Will the TPLF massacre, slash and burn to cling to power? Hell, yeah! They got away with hundreds of murders in 2005, and they feel perfectly at ease that they will get away with thousands more in 2015. That is just the way thugs roll!

If we do not want a repeat of 2005 in 2015, we must get up and stand up and fight for the rights of our Ethiopian brothers and sisters. Each and every Ethiopian  in the Diaspora must stand up, speak up, face up, back up, pull up and act up  against the crimes of the TPLF.

Fight collective amnesia, remember the victims of Meles’ Massacres….  

Join me as “I remember the killers, [as] I remember the victims, even as I struggle to invent a thousand and one reasons to hope. Because I remember, I despair. Because I remember, I have the duty to reject despair. Hope is possible beyond despair.” Elie Wiesel.

Remember the Meles Massacres of November, and December and….



** The Inquiry Commission completely exonerated the victims of the massacre and pinned the entire blame on the police and paramilitary forces.  The Commission concluded, “There was no property destroyed [by protesters]. There was not a single protester who was armed with a gun or a hand grenade as reported by the government-controlled media that some of the protesters were armed with guns and bombs. [The shots fired by government forces] were not intended to disperse the crowd but to kill by targeting the head and chest of the protesters.”
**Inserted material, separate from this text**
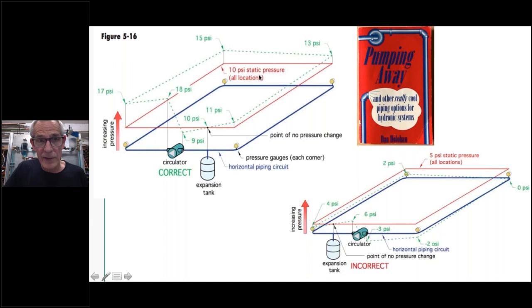If I put a gauge at every corner of the circuit and fill to 10 psi static, every gauge reads 10 psi. When I wire up the circulator — let's call it a Grundfos 007 — it's going to increase pressure on the discharge side. With about 8 psi differential, every gauge in the system jumps up in pressure because the centrifugal force has added that differential to the system. As you go around the circuit through pipe and elbows, you drop pressure back down. Now let's change one thing: move that point of no pressure change to the other side of the pump and see what happens.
The Commission’s list of 193 victims includes only those deaths that occurred on June 6-8 and November 1-4, 2005, the specific dates the Commission was authorized to investigate. The Commission has an additional list of victims of extra-judicial killings by regime police and security forces which it did not publicly report because the killings occurred outside the dates the Commission was authorized to investigate.

Professor Alemayehu G. Mariam teaches political science at California State University, San Bernardino and is a practicing defense lawyer.